Give every line of the material back exactly, images removed.

### COLLECTED DATA
^^^^^^^^^^^^^^^^

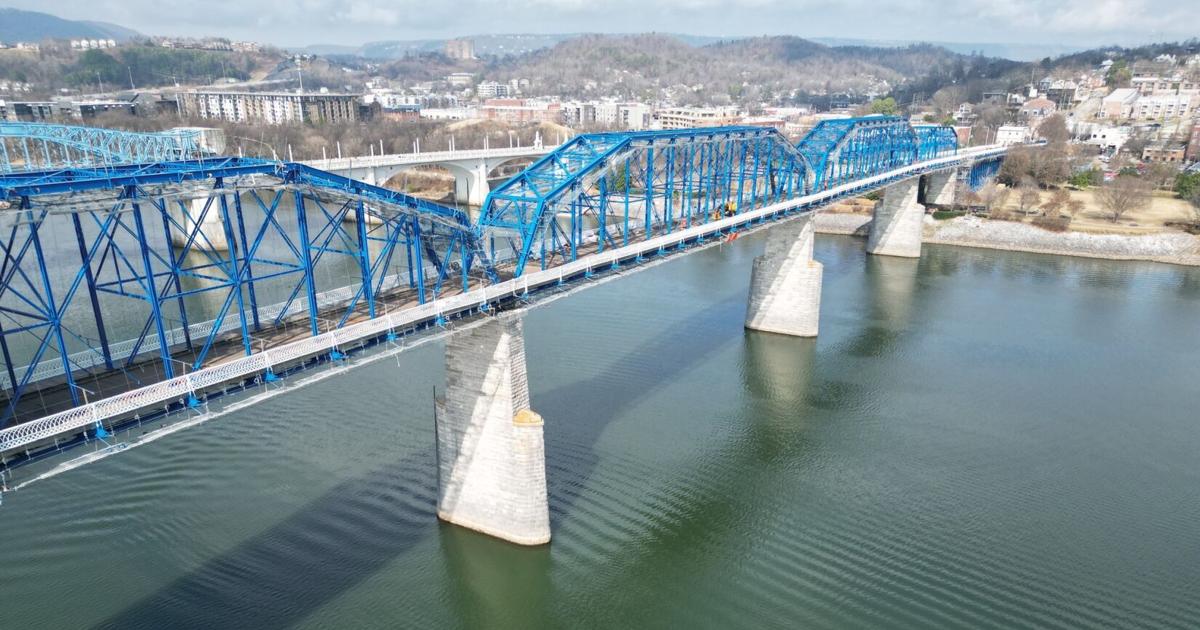 Chatt Bridge Chattanooga Walnut Street Bridge Renovation Update | Local News ...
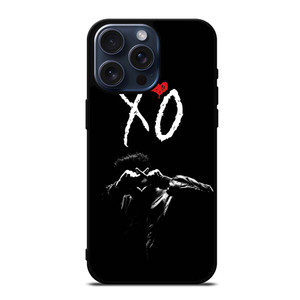 THE WEEKND XO HEART iPhone 15 Pro Max Case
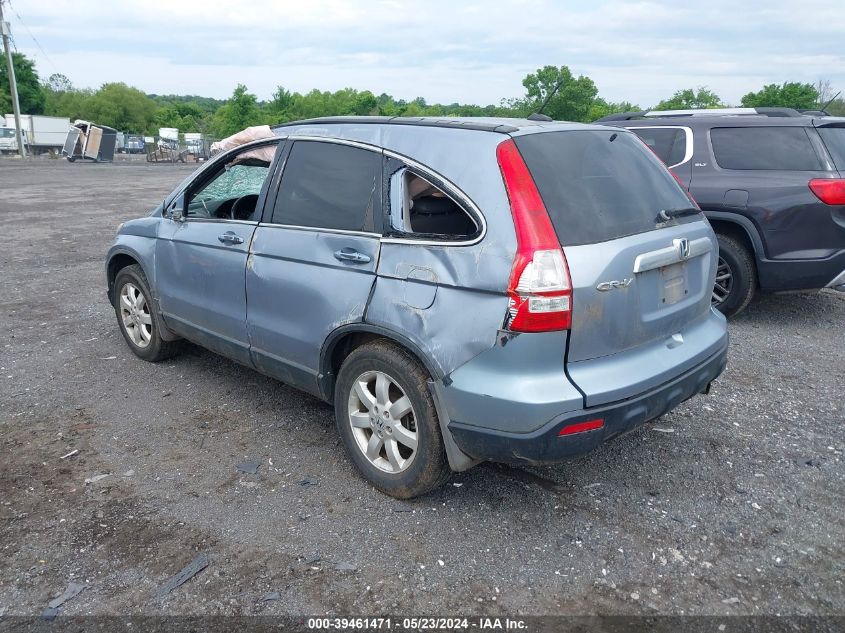 2007 Honda Cr-V Ex-L VIN: 5J6RE48767L004414 Lot: 39461471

^^^^^^^^^^^^^^^^

### PROBLEM SOLUTION
 Chatt Bridge Chattanooga Walnut Street Bridge Renovation Update | Local News ...
 THE WEEKND XO HEART iPhone 15 Pro Max Case
 2007 Honda Cr-V Ex-L VIN: 5J6RE48767L004414 Lot: 39461471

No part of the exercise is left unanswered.